Die Armutskonferenz 2026 findet statt am Vormittag des 17. Oktober 2026, Landratssaal (Liestal)

  • Lebensmittelausgabe

    Die Organisation «Tischlein deck dich» organisiert eine Lebensmittelausgabe an drei Standorten in unserem Kanton – unter anderem in den Räumen der reformierten Kirchgemeinden Liestal und Allschwil und der röm.-kath. Pfarrei Laufen. Um die Essensausgabe nutzen zu können, ist eine Bedarfsabklärung bei einer Sozialfachstelle nötig.
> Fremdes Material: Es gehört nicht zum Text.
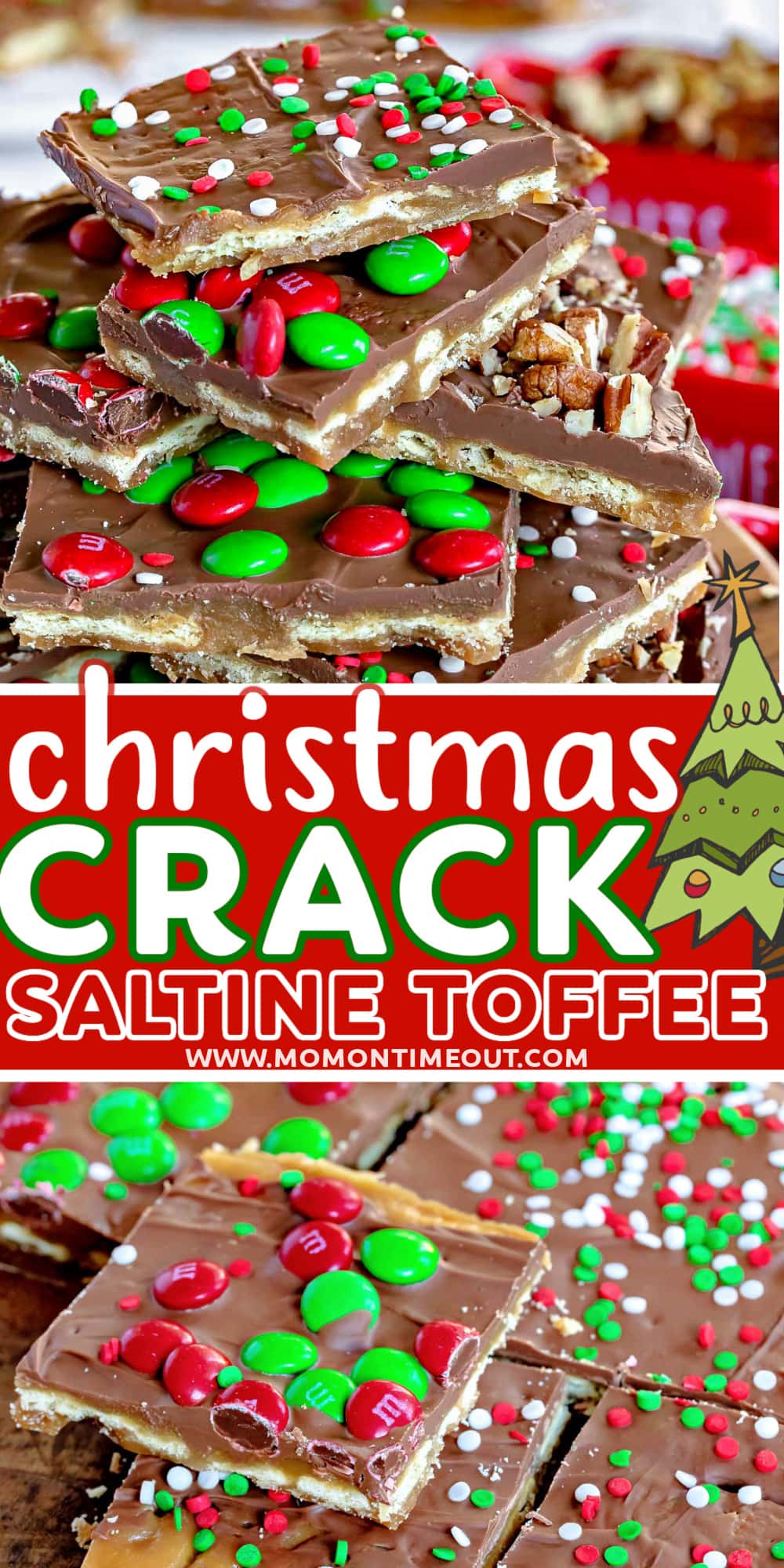 The BEST Christmas Crack Recipe (Saltine Cracker Toffee) - Mom On Timeout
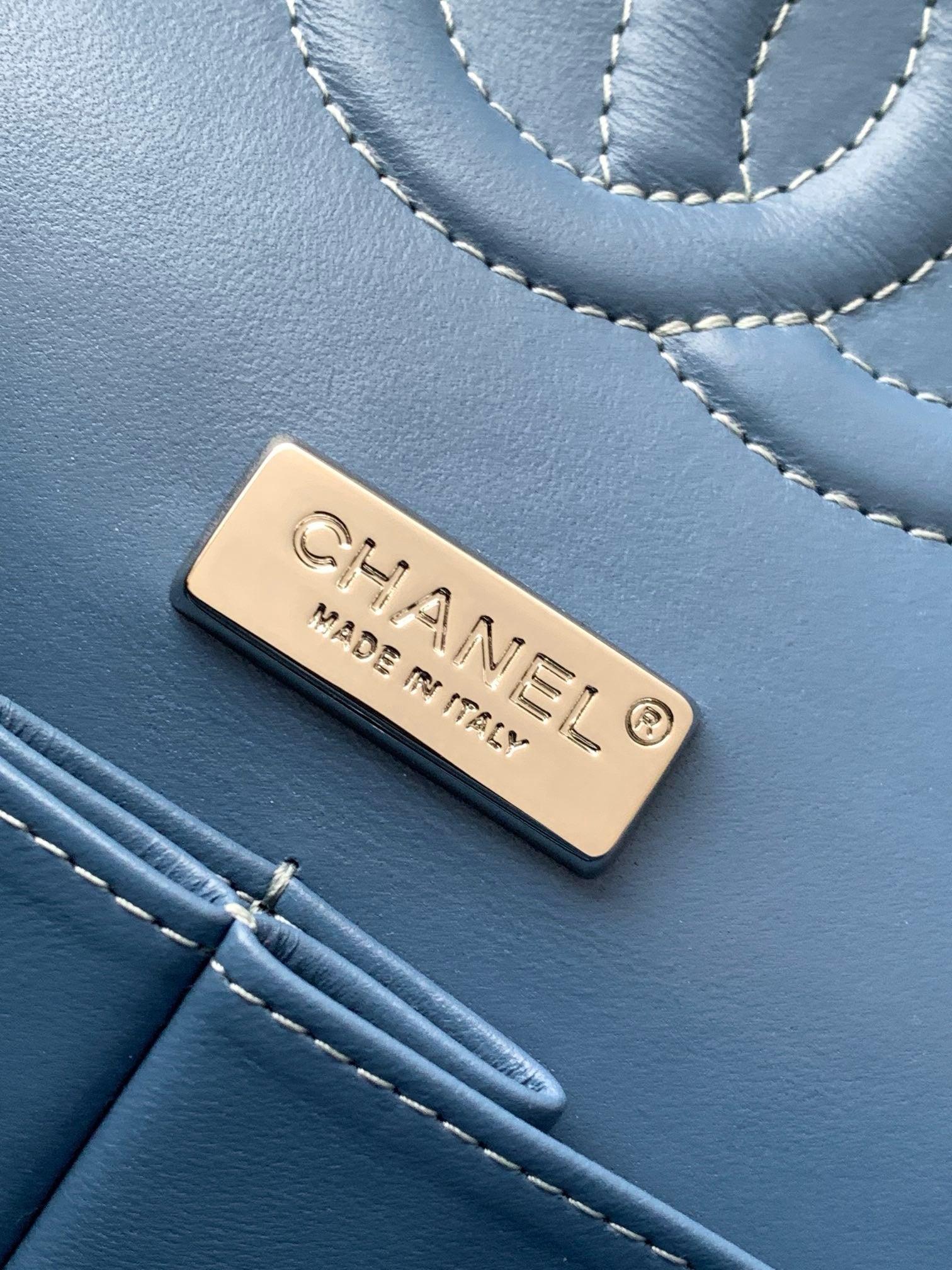 CNL 23K Denim Flap Bag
Über diesen Link sind die Abgabe- und Beratungsstellen zu finden.

  • Essen in Gemeinschaft

    In vielen unserer 31 Kirchgemeinden finden Suppentage und Mittagstische statt, die einen niedrigschwelligen Anknüpfungspunkt für Menschen bieten, die neben einer warmen Mahlzeit auch Gemeinschaft suchen. Nehmen Sie Kontakt direkt mit Ihrer lokalen Kirchgemeinde vor Ort oder mit der Fachstelle Diakonie für Vermittlung zu Stellen in Ihrer Umgebung auf.

  • Sozialberatung

    In herausfordernden Situationen kann eine Sozialberatung helfen, indem Fachpersonen u.a. über Möglichkeiten staatlicher und nicht-staatlicher Hilfsleistungen aufklären, den oft längeren Prozess begleitet, akute Nothilfe leisten oder beim Sortieren und Priorisieren komplexerer Problemsituation helfen. Exemplarisch sind hier Angebote in unserem Kanton aufgeführt, die freiwillig, kostenlos und unabhängig einer religiösen Zugehörigkeit wahrgenommen werden können:

    • Das Hilfswerk der Reformierten Kirche Schweiz HEKS bietet in unserem Kanton verschiedene Hilfestellungen an, u.a.: Unterstützung beim selbstständigen Wohnen für Personen mit psychischen Herausforderungen oder Suchtproblematik und (Rechts-) Beratung zu asyl- und ausländerrechtlichen Fragen.
    • Caritas beider Basel bietet mit dem Kirchlich Regionalen Sozialdienst Beratungsstellen für Menschen in finanziell herausfordernden Situationen an. Die Standorte befinden sich in Pfarreien und Arztpraxen in unserem Kanton. Ihr Angebot umfasst neben Beratung und Vermittlung auch finanzielle Nothilfe.
    • Die ökumenische Arbeitsgruppe «Versteckte Armut» Allschwil und Schönenbuch bietet Menschen aus ihrer Region menschliche und materiell Hilfe in Not.
    • Das «Assessmentcenter» in Pratteln ist ein Angebot des Kantons Baselland für Menschen unseres Kantons, die gerade in eine finanzielle, berufliche oder gesundheitliche Schieflage geraten und sich frühzeitig , niedrigschwellig über Möglichkeiten der Beratung und Unterstützung informieren wollen.
    • Die Plattform jungundalt-bl.ch bietet einen Überblick mit Filterfunktion (Zielgruppe und Anliegen) zu verschiedenen Angeboten von Beratungsstellen, medizinischen Fachstellen, Freizeit-, Sport- und Bildungsangeboten und zur Prävention und Gesundheitsförderung. Sie wird vom Amt für Gesundheit unseres Kantons angeboten und aktualisiert.
  • Armutsmonitor Baselland

    Um eine Grundlage für die Armutsbeobachtung und für die Planung von armutsrelevanten Massnahmen zu schaffen, hat die Berner Fachhochschule ein periodisches Armutsmonitoring für den Kanton Basel-Landschaft implementiert. Für die erste Durchführung des Armutsmonitorings wurden kantonale Steuerdaten mit Bevölkerungs- und Wohnungsdaten sowie mit der Sozialhilfestatistik und mit Daten zum Bezug von weiteren Bedarfsleistungen verknüpft. Genutzt wurden jeweils die Daten für das Jahr 2019.

    Dieser Monitor kann auch als Grundlage diakonischer Handlungsplanung in Kirchgemeinden und Kantonalkirche dienen.